Last Wednesday we were thrilled to wake to the sound of steady raindrops that brought us almost half an inch of rain over four hours.  The first rain of fall is always welcome around here after our normally long, hot and dusty summer.  But summer of 2014 has essentially been in effect since January, so the dust was that much deeper and the cleansing effects of the rain, that much more noticeable.

California is in bad shape.  Sure, folks in the city and suburbs may still get water when they turn on the tap or the shower.  But out here in the country, things are getting desperate.  Terra Firma is lucky to get most of our water from a reservoir that is still fairly full.  But all around Winters, and throughout the Central Valley, wells are failing as water tables drop lower each week.

It’s not just that it didn’t rain much less winter.  It’s also that it has been warm and dry now for most of 18 months, and our “wet season” last winter really only lasted four or five weeks.  The weather phenomena responsible — a persistent ridge of high pressure over the eastern Pacific ocean — appears to have gotten stuck in a feedback loop.  Warm, dry weather reinforces the high pressure, which in turn creates more warm, dry weather.  The ocean off the coast of California has also been affected, and is now at a record high temperature.  This further reinforces the drought.

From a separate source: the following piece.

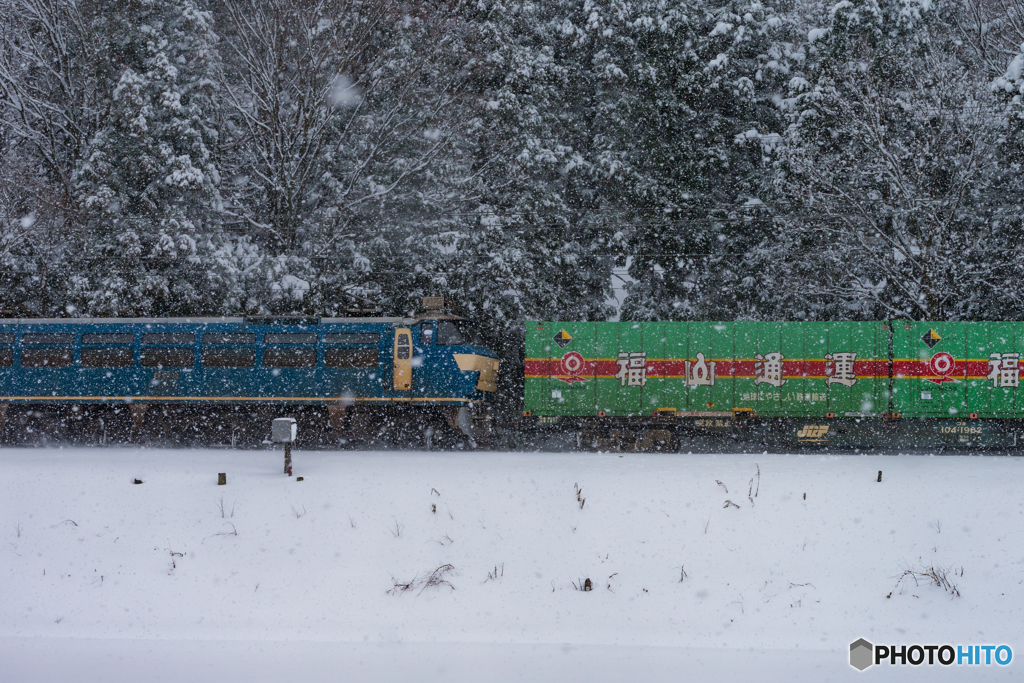 2018.1.30 EF66 30 雪の中を行く56レ福山レールエクスプレス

A few months back there was talk of a big El Nino coming to end the drought this winter.  Many meteorologists have reversed their predictions and are now predicting that the drought will continue.  Climate change appears to be playing a very dramatic role.  This year has been the warmest year in California since 1895.

At Terra Firma –perhaps ironically — we still have plenty of water during the summer, when we irrigate the vast majority of our fields with water from Lake Berryessa.  The spigot for that water is shut off each year at some point in the fall.  But in twenty years, we haven’t had to irrigate much — or at all — in the winter.  So the fact that the two wells that we use during that time are old has never been much of a concern to us.  Last year was the first time we had to run those wells all winter long.  After several months of pumping, both were producing less water.  One of them has now failed completely, as the water table dropped below the level of the pump.

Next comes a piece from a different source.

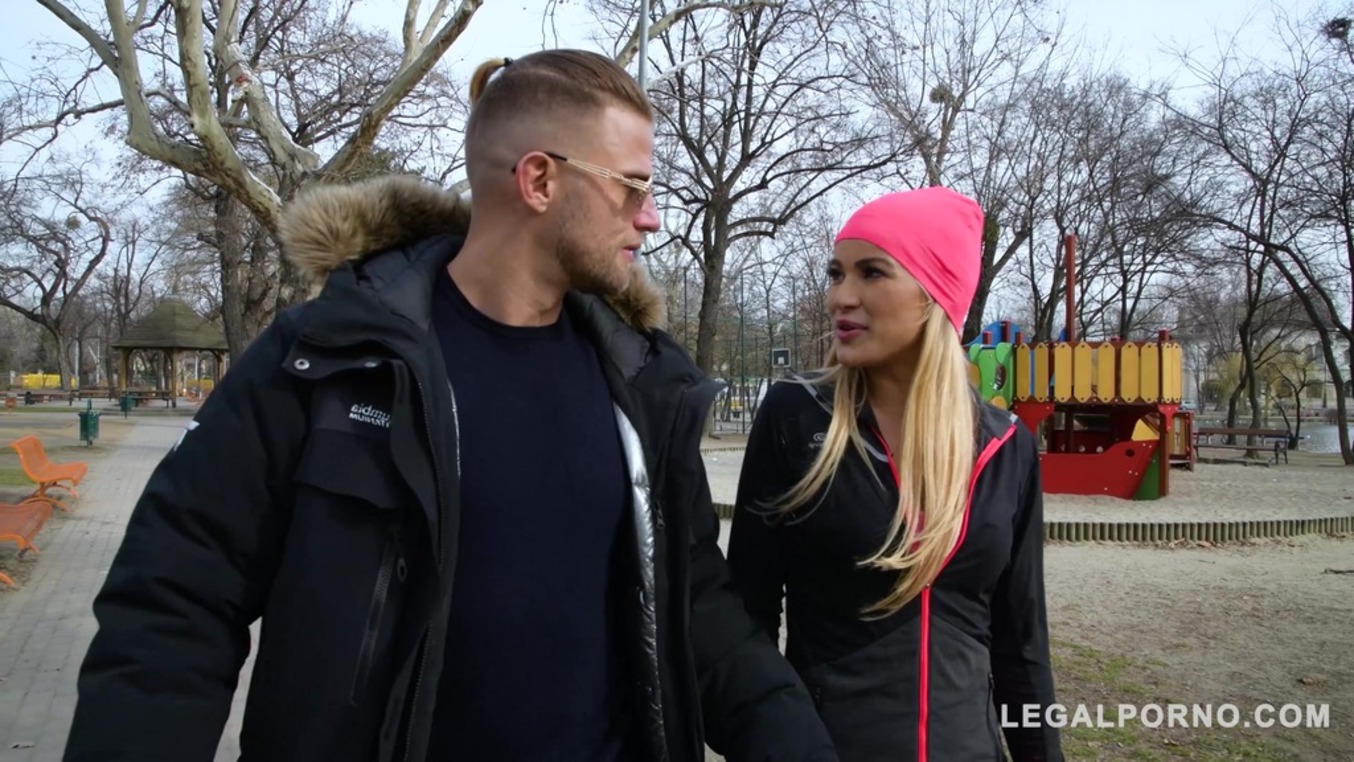 From outdoor flirt to indoor XXX fuck with athletic blonde babe Cherry Kiss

Drilling a new well is an expensive and risky proposition.   But right now it’s not even an option for us — well drillers have an enormous backlog of work and waitlists are a year or longer.  So we have made some hard decisions and are limiting our planting to the amount of acres we can irrigate with the other pump.

Mostly though, we are doing what farmers have done for millenia, and what every other farmer in California is doing right now — wishing, hoping and even praying for more than a few short weeks of wet weather this year.